Para a Enel (e outras empresas que operam grandes redes físicas de distribuição ou de transmissão) a preparação para eventos fora da curva tornou-se uma obrigação do negócio.
Ações de companhias de serviços essenciais, como as distribuidoras de energia, com seus clientes cativos e pagamentos regulares de dividendos, sempre foram uma aposta segura em portfólios de investimento equilibrados.
Não há garantias de que essa convicção vá perdurar. Alguns anos atrás a McKinsey tentou estimar os prejuízos e receitas perdidas por empresas americanas em sete Estados normalmente atingidos por furacões.
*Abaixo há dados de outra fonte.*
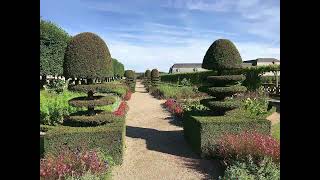 Chateau de Villandry et ses jardins Diamond Crevasse  Macross Frontier [upl. by Marleah]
Uma companhia energética típica teve perdas de US$ 1,4 bilhão, na média, ao longo de 20 anos. Com a mudança do clima, a consultoria estimou que esse número subiria 23% até 2050.
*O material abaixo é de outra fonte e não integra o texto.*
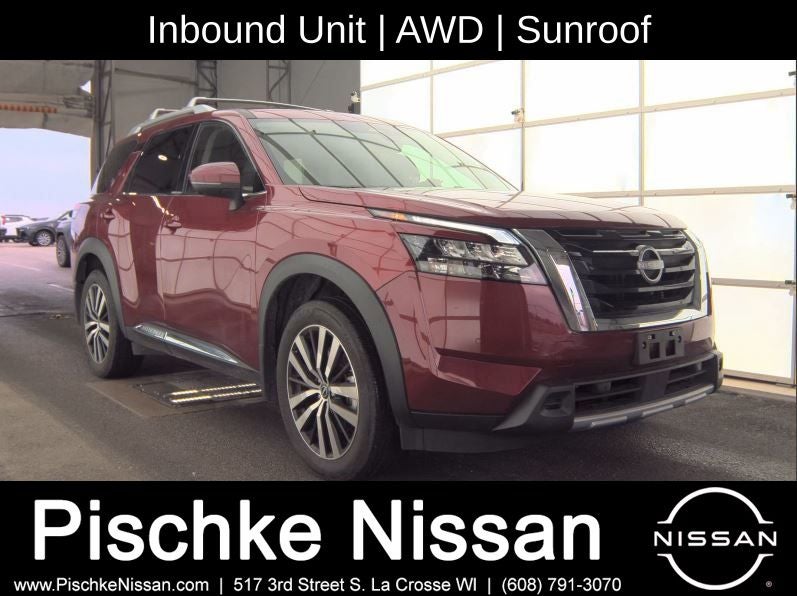 2025 Nissan Pathfinder's photo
Com investimentos de US$ 700 milhões a US$ 1 bilhão, boa parte desses riscos seriam mitigados, segundo a McKinsey.
São climas e realidades econômicas muito diferentes, mas o que interessa aqui é a ordem de grandeza e a nova lógica que a mudança climática impõe a certos negócios.
Certezas e incertezas
Como no caso da redução das emissões de gases do efeito estufa, o desafio é complexo. Nem todas as informações necessárias estão disponíveis.
Margulis dá o exemplo das zonas costeiras. “Não temos um conhecimento preciso da altimetria, então é difícil prever que regiões estão mais expostas a ressacas ou grandes cheias.”
Faltam dados e, é claro, faltam recursos. Medidas de adaptação climática concorrem pela atenção e pelo orçamento dos gestores públicos. Mas adiar a ação significa pagar um preço mais alto no futuro, em dinheiro e potencialmente em vidas.
Ninguém pode afirmar quando ou onde vai acontecer a próxima tempestade – mas ninguém pode negar que ela virá.
É hora de começar a podar as árvores.